======== SUPPLIED INFORMATION ========

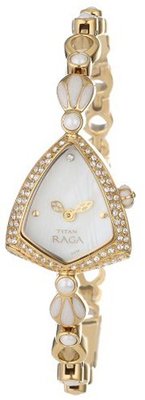 Titan 9811YM01 Theme Raga Intricate Jewelry Inspired Crystal Gold Tone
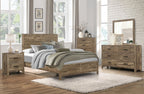Homelegance 1910-4PC 4 pc Mandan weathered pine embossed finish wood queen bedroom set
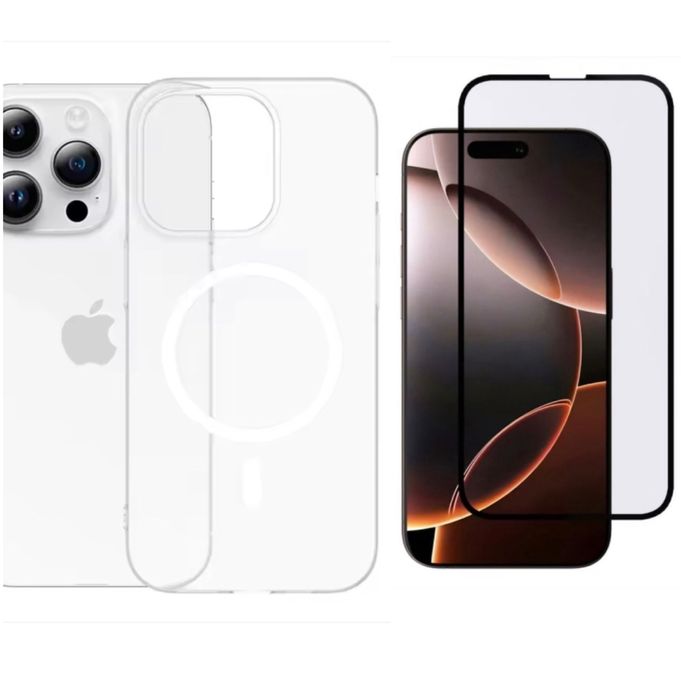 Iphone 13/14/15/16/PRO/MAX Husa Hard Slim + Folie Sticla Full Space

========

== ACTIVITY ==
In full and without change, repeat the material above, minus the pictures.

== EXPECTED ANSWER ==
 Titan 9811YM01 Theme Raga Intricate Jewelry Inspired Crystal Gold Tone
Homelegance 1910-4PC 4 pc Mandan weathered pine embossed finish wood queen bedroom set
 Iphone 13/14/15/16/PRO/MAX Husa Hard Slim + Folie Sticla Full Space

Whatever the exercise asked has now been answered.